LODACE, HISTOIRE


PERSONNAGES CÉLÈBRES


Auguste Piccard


Au plus profond des abîmes

Les progrès fantastiques de la science et de la technique ont permis à l’homme de pénétrer bien des secrets de la nature. Il reste cependant un domaine qui, encore aujourd’hui, est très mal connu : celui des profondeurs abyssales de l’Océan. La configuration du fond des mers, les courants, les poissons étranges, les créatures des grandes profondeurs, tout cela reste en grandes parties mystérieux. Et ce mystère attire irrésistiblement tous ceux qu’anime l’esprit de découverte et que fascine l’aventure.

C’est en 1934 que l’on essaye pour la première fois de vaincre le « mur de l’eau », c’est-à-dire de plonger non plus à des dizaines mais des centaines de mètres de profondeurs. Cette année-là, le zoologue américain William Beebe descend à 923 mètres dans une sphère attachée à un navire porteur par de solides câbles d’acier. En 1949, Otis Barton, un autre savant américain, atteint 1730 mètres.

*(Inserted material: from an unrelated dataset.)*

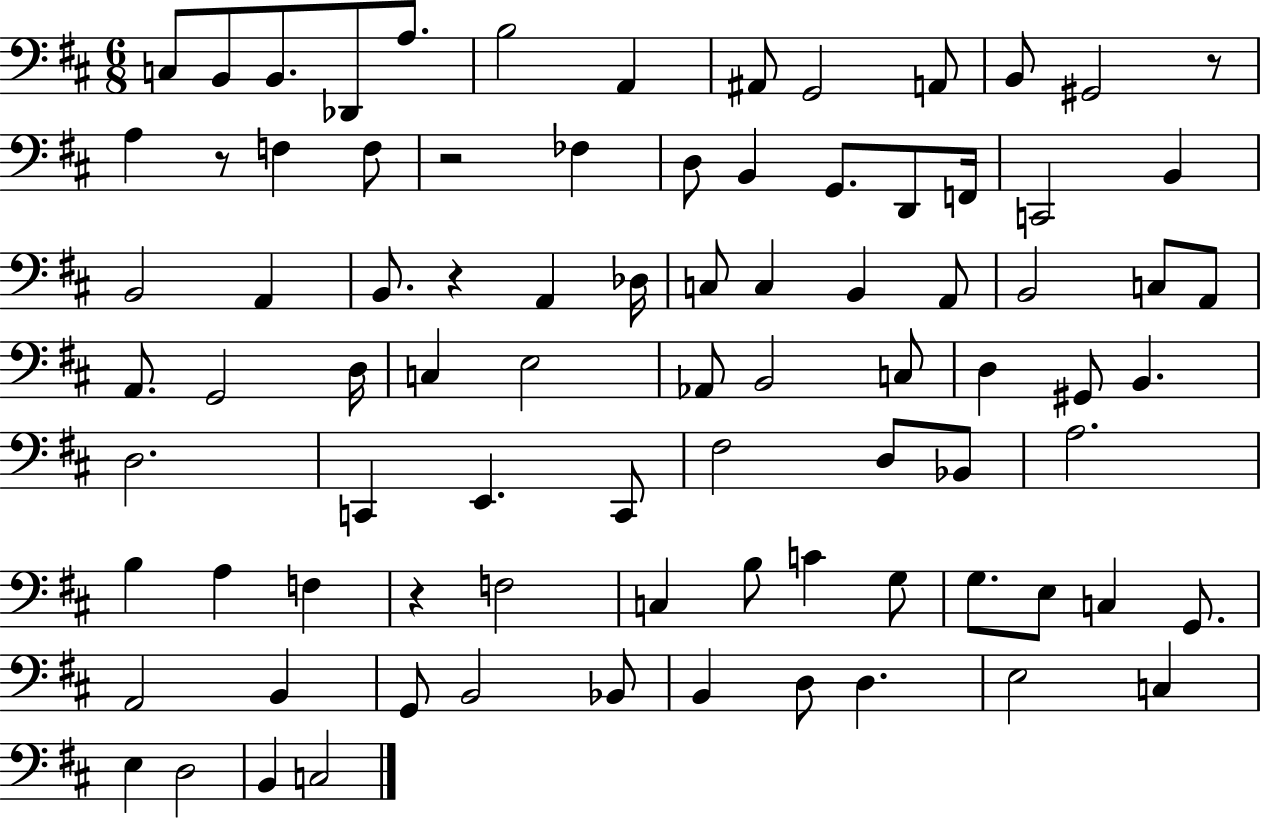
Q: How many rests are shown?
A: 5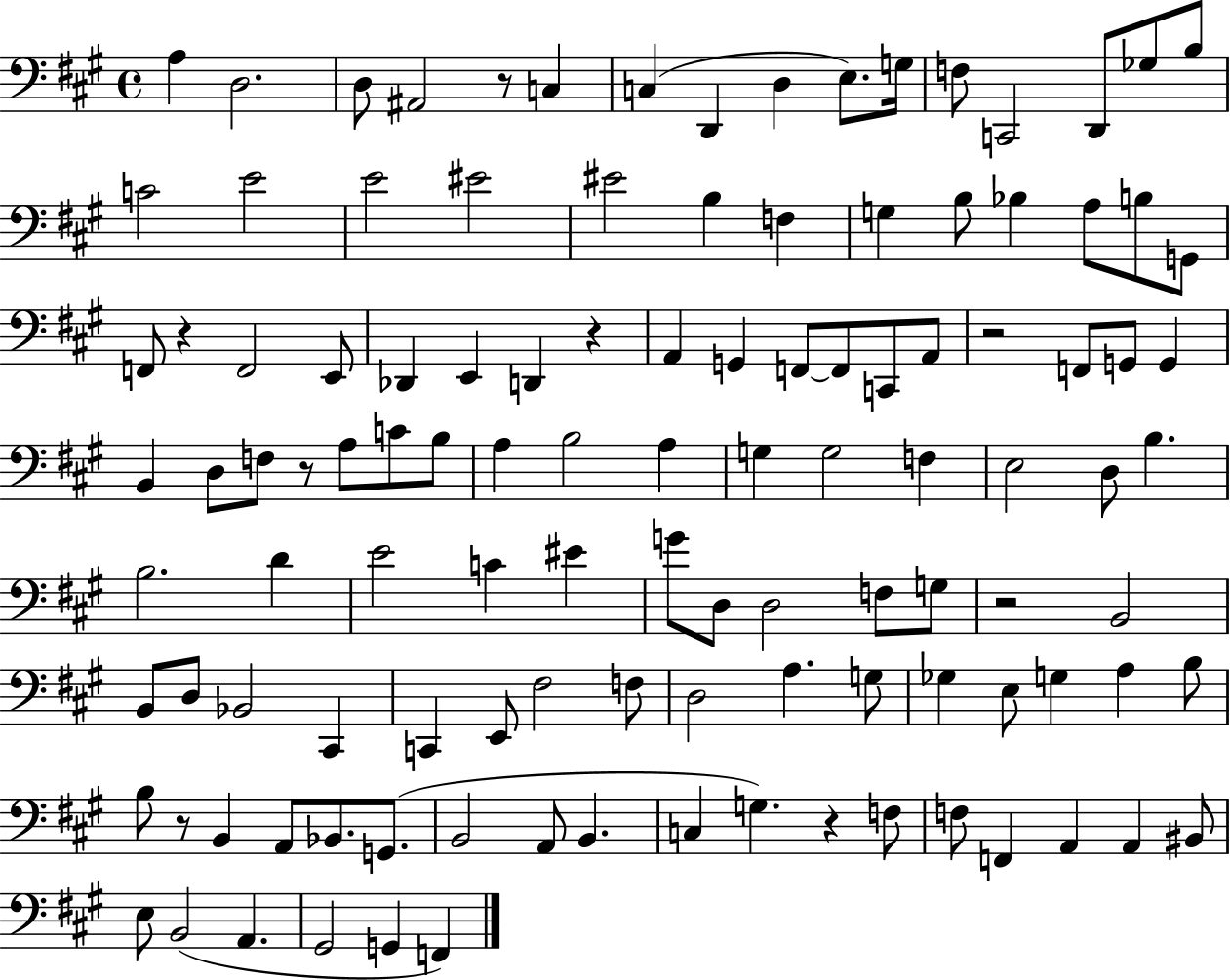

Professeur à l’Université de Bruxelles, le savant suisse Auguste Piccard est un passionné d’aventure scientifique. En août 1932, il a atteint l’altitude incroyable pour l’époque de 16 770 mètres, à l’aide du F.N.R.S 1, un énorme ballon auquel était suspendue une nacelle métallique étanche, de sa conception. En 1937, le roi Léopold III de Belgique lui demande : « Que préparez-vous ? M. Picard ? » « Maintenant, répond le savant, j’aimerais descendre sous la mer ! » A cet effet, il inventa le « bathyscaphe ».

Le bathyscaphe (du grec « bathus », profond et « skaphé », bateau) se compose d’un flotteur sous lequel est fixée une sphère métallique où se tient l’équipage. Le flotteur est rempli de 100 000 litres d’essence d’aviation, plus légère que l’eau : c’est un peu une énorme bouée, alourdie, pour la descente, par de la grenaille de fer, elle-même retenue par des électro-aimants alimentés par des batteries. La sécurité est absolue : en cas de panne de courant, le bathyscaphe remonte automatiquement à la surface. La sphère est en acier spécial résistant à des pressions énormes (elles atteindront 11 tommes au centimètre carré à 10 000 mètres !). De l’intérieur, l’équipage peut doser le largage du lest, actionner des appareils à recueillir des échantillons, commander le moteur de propulsion grâce auquel le bathyscaphe se déplace horizontalement. Des hublots lui permettent des observations à l’extérieur, grâce à une batterie de puissants projecteurs.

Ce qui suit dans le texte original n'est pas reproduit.